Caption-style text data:
*** Begin section ***

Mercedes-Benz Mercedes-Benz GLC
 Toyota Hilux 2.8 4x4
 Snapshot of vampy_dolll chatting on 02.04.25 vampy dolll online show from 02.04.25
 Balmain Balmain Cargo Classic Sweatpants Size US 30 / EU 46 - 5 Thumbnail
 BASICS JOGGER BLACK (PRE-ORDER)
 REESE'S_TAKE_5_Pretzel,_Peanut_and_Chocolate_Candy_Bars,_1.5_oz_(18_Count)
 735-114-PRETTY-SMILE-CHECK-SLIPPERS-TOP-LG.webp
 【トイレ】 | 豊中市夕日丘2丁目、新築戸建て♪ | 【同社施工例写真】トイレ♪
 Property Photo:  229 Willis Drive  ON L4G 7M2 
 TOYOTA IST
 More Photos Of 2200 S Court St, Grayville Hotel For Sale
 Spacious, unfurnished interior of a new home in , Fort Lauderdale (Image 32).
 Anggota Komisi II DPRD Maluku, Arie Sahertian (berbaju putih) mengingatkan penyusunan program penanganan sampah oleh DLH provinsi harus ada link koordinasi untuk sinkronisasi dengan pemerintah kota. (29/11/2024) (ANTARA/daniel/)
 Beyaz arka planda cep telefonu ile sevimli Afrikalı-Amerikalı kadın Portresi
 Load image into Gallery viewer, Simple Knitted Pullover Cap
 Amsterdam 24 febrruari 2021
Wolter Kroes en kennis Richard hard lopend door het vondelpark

*** End section ***

WORK INSTRUCTION: Output every record above, exactly as written.

ANSWER FOR THE TASK:
Mercedes-Benz Mercedes-Benz GLC
 Toyota Hilux 2.8 4x4
 Snapshot of vampy_dolll chatting on 02.04.25 vampy dolll online show from 02.04.25
 Balmain Balmain Cargo Classic Sweatpants Size US 30 / EU 46 - 5 Thumbnail
 BASICS JOGGER BLACK (PRE-ORDER)
 REESE'S_TAKE_5_Pretzel,_Peanut_and_Chocolate_Candy_Bars,_1.5_oz_(18_Count)
 735-114-PRETTY-SMILE-CHECK-SLIPPERS-TOP-LG.webp
 【トイレ】 | 豊中市夕日丘2丁目、新築戸建て♪ | 【同社施工例写真】トイレ♪
 Property Photo:  229 Willis Drive  ON L4G 7M2 
 TOYOTA IST
 More Photos Of 2200 S Court St, Grayville Hotel For Sale
 Spacious, unfurnished interior of a new home in , Fort Lauderdale (Image 32).
 Anggota Komisi II DPRD Maluku, Arie Sahertian (berbaju putih) mengingatkan penyusunan program penanganan sampah oleh DLH provinsi harus ada link koordinasi untuk sinkronisasi dengan pemerintah kota. (29/11/2024) (ANTARA/daniel/)
 Beyaz arka planda cep telefonu ile sevimli Afrikalı-Amerikalı kadın Portresi
 Load image into Gallery viewer, Simple Knitted Pullover Cap
 Amsterdam 24 febrruari 2021
Wolter Kroes en kennis Richard hard lopend door het vondelpark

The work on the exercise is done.